=== Records provided ===

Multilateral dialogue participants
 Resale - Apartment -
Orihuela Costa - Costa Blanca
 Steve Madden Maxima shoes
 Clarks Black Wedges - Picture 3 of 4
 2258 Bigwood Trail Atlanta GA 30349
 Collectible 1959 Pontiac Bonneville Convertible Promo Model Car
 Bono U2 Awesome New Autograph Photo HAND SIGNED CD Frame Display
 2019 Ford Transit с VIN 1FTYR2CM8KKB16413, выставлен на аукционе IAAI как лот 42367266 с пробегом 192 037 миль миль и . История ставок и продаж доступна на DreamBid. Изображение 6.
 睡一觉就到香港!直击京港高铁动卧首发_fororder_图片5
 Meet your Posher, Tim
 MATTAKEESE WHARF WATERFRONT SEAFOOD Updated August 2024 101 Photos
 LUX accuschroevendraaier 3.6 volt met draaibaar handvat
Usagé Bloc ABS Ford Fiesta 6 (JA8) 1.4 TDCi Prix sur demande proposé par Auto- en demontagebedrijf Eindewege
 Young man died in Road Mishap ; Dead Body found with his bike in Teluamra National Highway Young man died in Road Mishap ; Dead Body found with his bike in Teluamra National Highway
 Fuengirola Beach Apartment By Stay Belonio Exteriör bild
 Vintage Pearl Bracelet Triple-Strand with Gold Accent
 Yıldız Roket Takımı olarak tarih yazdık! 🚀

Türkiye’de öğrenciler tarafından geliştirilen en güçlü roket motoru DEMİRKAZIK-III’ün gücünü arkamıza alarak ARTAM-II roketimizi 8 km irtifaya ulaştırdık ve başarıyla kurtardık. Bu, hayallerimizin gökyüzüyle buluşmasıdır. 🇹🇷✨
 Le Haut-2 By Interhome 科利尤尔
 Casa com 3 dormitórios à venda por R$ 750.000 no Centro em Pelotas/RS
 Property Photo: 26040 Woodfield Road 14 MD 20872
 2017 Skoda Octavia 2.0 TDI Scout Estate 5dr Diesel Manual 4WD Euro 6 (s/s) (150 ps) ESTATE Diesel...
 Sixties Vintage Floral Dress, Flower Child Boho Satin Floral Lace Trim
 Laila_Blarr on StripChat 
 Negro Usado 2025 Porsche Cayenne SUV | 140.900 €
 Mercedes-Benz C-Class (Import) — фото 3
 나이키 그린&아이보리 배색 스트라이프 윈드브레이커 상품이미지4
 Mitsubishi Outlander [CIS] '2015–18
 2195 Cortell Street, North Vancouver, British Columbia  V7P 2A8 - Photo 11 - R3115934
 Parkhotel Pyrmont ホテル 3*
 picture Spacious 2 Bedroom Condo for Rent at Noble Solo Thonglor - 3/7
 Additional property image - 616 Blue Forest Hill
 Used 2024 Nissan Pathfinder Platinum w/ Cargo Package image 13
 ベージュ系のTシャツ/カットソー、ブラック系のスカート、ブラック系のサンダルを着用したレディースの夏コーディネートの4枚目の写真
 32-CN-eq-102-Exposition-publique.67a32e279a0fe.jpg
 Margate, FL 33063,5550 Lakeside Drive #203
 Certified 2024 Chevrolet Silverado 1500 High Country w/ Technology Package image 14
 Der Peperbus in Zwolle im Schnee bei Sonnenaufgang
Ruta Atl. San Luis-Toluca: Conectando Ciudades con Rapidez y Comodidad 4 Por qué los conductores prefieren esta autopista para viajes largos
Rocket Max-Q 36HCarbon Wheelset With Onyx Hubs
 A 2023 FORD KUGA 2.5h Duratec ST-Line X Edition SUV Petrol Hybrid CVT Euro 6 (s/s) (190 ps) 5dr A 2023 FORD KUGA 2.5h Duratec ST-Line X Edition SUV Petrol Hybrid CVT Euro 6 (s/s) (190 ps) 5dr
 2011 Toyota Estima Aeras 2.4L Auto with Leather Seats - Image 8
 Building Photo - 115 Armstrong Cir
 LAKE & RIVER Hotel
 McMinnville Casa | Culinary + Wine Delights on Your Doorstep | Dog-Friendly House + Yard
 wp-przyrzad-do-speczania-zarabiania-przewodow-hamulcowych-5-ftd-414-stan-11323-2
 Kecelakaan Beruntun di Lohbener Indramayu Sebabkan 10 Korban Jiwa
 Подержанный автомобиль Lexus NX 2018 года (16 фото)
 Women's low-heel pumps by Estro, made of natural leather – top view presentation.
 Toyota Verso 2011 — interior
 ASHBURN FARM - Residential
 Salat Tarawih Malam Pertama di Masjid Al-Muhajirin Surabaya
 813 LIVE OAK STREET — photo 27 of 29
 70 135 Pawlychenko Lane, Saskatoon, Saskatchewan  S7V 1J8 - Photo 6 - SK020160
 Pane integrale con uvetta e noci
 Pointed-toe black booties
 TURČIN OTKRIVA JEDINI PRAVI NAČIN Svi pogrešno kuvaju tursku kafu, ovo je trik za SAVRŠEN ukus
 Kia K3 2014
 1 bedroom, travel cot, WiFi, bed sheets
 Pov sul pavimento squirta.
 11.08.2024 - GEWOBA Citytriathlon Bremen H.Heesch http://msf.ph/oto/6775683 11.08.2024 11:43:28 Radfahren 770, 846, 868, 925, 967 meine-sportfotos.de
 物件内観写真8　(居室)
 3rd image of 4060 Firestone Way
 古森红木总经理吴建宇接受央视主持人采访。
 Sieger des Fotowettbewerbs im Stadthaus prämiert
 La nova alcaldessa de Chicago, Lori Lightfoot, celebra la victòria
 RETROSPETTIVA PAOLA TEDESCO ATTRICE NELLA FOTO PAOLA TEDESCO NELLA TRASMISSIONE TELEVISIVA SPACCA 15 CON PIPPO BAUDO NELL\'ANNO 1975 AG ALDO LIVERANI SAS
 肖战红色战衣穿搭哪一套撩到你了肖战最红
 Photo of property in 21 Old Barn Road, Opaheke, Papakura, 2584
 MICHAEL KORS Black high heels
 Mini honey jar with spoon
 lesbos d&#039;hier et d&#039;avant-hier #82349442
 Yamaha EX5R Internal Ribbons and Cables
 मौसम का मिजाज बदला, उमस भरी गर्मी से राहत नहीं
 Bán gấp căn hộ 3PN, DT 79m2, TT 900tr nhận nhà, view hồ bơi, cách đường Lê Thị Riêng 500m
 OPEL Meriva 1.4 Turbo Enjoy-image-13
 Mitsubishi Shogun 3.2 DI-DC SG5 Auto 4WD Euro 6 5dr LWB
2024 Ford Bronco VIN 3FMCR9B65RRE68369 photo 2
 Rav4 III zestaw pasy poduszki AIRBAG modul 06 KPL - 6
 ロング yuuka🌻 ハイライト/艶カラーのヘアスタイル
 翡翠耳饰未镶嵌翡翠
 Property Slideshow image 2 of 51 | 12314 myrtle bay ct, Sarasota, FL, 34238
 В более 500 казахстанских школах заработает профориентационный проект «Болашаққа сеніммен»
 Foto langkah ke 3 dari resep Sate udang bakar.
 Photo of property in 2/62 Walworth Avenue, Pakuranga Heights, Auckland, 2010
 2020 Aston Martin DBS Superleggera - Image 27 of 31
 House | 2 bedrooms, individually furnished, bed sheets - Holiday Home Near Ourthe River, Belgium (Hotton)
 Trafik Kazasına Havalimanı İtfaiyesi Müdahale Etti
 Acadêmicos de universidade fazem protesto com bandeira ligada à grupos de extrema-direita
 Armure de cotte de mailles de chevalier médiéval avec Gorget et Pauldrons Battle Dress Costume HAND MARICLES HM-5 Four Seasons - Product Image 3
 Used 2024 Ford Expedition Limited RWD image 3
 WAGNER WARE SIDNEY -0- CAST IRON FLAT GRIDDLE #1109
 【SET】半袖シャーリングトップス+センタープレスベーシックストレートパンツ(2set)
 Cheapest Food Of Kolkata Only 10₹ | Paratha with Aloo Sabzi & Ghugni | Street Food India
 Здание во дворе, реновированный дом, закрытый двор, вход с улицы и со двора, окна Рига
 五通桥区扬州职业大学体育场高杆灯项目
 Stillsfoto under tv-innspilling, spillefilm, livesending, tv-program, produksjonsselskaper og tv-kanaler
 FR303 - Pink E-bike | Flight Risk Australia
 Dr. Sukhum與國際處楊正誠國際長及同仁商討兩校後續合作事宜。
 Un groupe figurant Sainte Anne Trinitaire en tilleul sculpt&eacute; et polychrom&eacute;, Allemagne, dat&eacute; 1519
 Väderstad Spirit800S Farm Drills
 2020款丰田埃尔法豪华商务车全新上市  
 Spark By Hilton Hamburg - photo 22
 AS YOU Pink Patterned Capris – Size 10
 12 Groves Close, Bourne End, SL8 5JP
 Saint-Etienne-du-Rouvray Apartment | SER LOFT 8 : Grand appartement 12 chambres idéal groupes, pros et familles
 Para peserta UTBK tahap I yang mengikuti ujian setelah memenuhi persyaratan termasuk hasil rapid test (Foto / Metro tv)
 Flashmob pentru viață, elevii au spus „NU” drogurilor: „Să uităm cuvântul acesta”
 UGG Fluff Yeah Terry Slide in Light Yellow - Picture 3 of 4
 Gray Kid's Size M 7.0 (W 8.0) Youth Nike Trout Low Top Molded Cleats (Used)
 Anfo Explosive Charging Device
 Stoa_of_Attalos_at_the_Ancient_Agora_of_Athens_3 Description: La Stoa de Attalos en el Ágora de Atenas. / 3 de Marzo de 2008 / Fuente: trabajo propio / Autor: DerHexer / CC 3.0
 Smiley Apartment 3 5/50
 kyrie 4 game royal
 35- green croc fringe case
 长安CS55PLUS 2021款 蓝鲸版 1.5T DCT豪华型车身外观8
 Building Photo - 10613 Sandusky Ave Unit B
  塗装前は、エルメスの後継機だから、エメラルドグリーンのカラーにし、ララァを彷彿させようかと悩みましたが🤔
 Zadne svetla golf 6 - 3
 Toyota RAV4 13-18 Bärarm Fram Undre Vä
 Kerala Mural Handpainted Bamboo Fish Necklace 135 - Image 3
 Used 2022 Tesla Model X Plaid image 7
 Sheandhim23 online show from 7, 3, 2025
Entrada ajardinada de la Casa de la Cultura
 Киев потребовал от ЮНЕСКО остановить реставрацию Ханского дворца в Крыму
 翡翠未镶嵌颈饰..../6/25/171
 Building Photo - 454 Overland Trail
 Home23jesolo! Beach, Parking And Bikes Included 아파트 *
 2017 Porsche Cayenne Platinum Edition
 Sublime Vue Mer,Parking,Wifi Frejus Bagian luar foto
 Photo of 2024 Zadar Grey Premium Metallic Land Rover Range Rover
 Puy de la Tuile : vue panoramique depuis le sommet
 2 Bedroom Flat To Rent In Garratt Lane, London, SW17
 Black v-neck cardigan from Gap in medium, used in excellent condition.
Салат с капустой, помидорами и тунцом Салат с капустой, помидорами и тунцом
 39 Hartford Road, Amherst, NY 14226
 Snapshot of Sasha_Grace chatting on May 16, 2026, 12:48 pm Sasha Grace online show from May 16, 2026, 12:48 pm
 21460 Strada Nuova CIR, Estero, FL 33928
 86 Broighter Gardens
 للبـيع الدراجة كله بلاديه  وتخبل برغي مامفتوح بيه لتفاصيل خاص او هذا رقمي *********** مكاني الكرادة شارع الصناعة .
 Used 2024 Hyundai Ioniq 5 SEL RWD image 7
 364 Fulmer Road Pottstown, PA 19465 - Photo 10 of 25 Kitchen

===

Problem requirements: Although the records may continue, retype only the lines from the first one through the one containing "ベージュ系のTシャツ/カット", exactly as they appear.

Answer box:
Multilateral dialogue participants
 Resale - Apartment -
Orihuela Costa - Costa Blanca
 Steve Madden Maxima shoes
 Clarks Black Wedges - Picture 3 of 4
 2258 Bigwood Trail Atlanta GA 30349
 Collectible 1959 Pontiac Bonneville Convertible Promo Model Car
 Bono U2 Awesome New Autograph Photo HAND SIGNED CD Frame Display
 2019 Ford Transit с VIN 1FTYR2CM8KKB16413, выставлен на аукционе IAAI как лот 42367266 с пробегом 192 037 миль миль и . История ставок и продаж доступна на DreamBid. Изображение 6.
 睡一觉就到香港!直击京港高铁动卧首发_fororder_图片5
 Meet your Posher, Tim
 MATTAKEESE WHARF WATERFRONT SEAFOOD Updated August 2024 101 Photos
 LUX accuschroevendraaier 3.6 volt met draaibaar handvat
Usagé Bloc ABS Ford Fiesta 6 (JA8) 1.4 TDCi Prix sur demande proposé par Auto- en demontagebedrijf Eindewege
 Young man died in Road Mishap ; Dead Body found with his bike in Teluamra National Highway Young man died in Road Mishap ; Dead Body found with his bike in Teluamra National Highway
 Fuengirola Beach Apartment By Stay Belonio Exteriör bild
 Vintage Pearl Bracelet Triple-Strand with Gold Accent
 Yıldız Roket Takımı olarak tarih yazdık! 🚀

Türkiye’de öğrenciler tarafından geliştirilen en güçlü roket motoru DEMİRKAZIK-III’ün gücünü arkamıza alarak ARTAM-II roketimizi 8 km irtifaya ulaştırdık ve başarıyla kurtardık. Bu, hayallerimizin gökyüzüyle buluşmasıdır. 🇹🇷✨
 Le Haut-2 By Interhome 科利尤尔
 Casa com 3 dormitórios à venda por R$ 750.000 no Centro em Pelotas/RS
 Property Photo: 26040 Woodfield Road 14 MD 20872
 2017 Skoda Octavia 2.0 TDI Scout Estate 5dr Diesel Manual 4WD Euro 6 (s/s) (150 ps) ESTATE Diesel...
 Sixties Vintage Floral Dress, Flower Child Boho Satin Floral Lace Trim
 Laila_Blarr on StripChat 
 Negro Usado 2025 Porsche Cayenne SUV | 140.900 €
 Mercedes-Benz C-Class (Import) — фото 3
 나이키 그린&아이보리 배색 스트라이프 윈드브레이커 상품이미지4
 Mitsubishi Outlander [CIS] '2015–18
 2195 Cortell Street, North Vancouver, British Columbia  V7P 2A8 - Photo 11 - R3115934
 Parkhotel Pyrmont ホテル 3*
 picture Spacious 2 Bedroom Condo for Rent at Noble Solo Thonglor - 3/7
 Additional property image - 616 Blue Forest Hill
 Used 2024 Nissan Pathfinder Platinum w/ Cargo Package image 13
 ベージュ系のTシャツ/カットソー、ブラック系のスカート、ブラック系のサンダルを着用したレディースの夏コーディネートの4枚目の写真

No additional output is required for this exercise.